Завершив в 1885 году школьное образование, Ван отправился в Англию, в Чусский университет, который заканчивали и его предки; время от времени он наезжал оттуда в Лондон или в Люту (как называли этот пленительный, печальный, перламутрово-серый город, расположенный по другую сторону «Канала» богатые, но не отличающиеся особой утонченностью выходцы из британских колоний).

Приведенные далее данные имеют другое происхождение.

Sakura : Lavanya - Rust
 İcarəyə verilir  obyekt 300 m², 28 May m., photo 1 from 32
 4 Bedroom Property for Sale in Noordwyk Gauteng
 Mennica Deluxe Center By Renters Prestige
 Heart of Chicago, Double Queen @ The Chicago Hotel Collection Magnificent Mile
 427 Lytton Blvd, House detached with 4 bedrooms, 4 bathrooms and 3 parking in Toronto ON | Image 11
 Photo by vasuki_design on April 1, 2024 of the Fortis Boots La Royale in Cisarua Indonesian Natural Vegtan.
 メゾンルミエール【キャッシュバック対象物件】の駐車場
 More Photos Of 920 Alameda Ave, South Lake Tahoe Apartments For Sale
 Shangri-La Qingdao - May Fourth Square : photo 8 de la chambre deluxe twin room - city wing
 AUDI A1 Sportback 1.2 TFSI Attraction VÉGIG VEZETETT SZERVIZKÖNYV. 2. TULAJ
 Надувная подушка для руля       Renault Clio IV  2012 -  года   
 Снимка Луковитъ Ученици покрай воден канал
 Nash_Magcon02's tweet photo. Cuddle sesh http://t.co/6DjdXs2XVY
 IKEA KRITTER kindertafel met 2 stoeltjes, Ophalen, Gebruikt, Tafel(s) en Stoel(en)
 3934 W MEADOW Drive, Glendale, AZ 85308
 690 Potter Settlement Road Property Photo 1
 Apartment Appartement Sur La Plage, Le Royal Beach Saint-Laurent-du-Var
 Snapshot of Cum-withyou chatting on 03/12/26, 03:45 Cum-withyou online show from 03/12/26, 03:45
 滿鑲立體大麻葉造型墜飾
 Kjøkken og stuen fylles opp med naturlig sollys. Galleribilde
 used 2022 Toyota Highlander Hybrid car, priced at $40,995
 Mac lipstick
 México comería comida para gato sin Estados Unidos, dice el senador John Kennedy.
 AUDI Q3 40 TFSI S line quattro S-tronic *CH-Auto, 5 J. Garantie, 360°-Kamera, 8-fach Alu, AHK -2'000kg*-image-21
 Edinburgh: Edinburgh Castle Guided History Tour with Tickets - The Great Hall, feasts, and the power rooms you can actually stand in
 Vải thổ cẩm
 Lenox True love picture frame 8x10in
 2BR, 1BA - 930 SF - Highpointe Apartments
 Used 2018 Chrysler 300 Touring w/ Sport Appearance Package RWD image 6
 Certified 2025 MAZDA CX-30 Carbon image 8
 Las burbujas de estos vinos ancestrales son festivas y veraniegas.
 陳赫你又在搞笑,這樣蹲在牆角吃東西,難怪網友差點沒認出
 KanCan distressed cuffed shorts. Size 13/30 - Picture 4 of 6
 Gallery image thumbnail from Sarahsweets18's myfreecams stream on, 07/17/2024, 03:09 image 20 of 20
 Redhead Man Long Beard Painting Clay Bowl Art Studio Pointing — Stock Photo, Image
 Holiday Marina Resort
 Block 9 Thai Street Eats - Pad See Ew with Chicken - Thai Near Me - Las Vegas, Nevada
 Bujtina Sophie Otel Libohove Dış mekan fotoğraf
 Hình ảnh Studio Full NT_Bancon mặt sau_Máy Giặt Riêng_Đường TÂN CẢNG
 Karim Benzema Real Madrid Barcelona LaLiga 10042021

Как-то зимой 1886–87 года, в безрадостно холодном Чусе, Ван, играя в покер с двумя французами и однокашником, которого мы назовем Диком (дело происходило в роскошно обставленной квартире последнего в Сиринити-Корт), заметил вдруг, что близнецы-французы проигрывают не потому лишь, что успели безалаберно и беспросветно напиться, но и потому, что «милорд» представляет собой, по терминологии Планкетта, «кристального кретина», то есть человека со множеством зеркалистых граней, – отражающие поверхности самых разных фасонов, повернутые под разными углами, скромно посверкивали из стеклышка часов или перстня с печаткой; они таились, как таятся в подросте самочки светляков, на ножках стола, в запонке или за лацканом, на краешках пепельниц, – время от времени Дик словно бы ненароком передвигал либо их, либо их подпорки: все это, с чем согласился бы каждый карточный жулик, было столь же глупо, сколь и неэкономно.
Выжидая благоприятного времени, Ван проиграл несколько тысяч – он задумал применить на практике кое-какие из полученных давным-давно наставлений. Наконец игра прервалась. Дик встал и отошел в угол, к переговорной трубке, чтобы потребовать еще вина. Невезучие близнецы, вырывая друг у друга самоструйное перышко и то придавливая большим пальцем поршенек, то оттягивая его, подсчитывали свой проигрыш, превосходивший Ванов. Ван опустил колоду в карман и, поведя затекшими могучими плечами, поднялся.